DATA TO EXAMINE
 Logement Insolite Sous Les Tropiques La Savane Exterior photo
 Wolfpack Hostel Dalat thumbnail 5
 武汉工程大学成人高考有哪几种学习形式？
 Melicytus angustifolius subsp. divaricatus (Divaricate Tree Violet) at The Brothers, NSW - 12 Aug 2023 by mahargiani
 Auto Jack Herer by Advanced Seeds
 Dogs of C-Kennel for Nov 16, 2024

==

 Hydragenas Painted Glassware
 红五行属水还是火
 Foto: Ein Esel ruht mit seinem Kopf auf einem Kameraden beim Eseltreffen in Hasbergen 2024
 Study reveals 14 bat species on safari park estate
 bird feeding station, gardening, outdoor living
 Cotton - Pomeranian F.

TASK ITEM
Extract from the records above the lines from the one containing "bird feeding station, gardening, outdoor" to the one containing "Cotton - Pomeranian F.", both lines included, exactly as they appear and with nothing else.

WRITTEN ANSWER
 bird feeding station, gardening, outdoor living
 Cotton - Pomeranian F.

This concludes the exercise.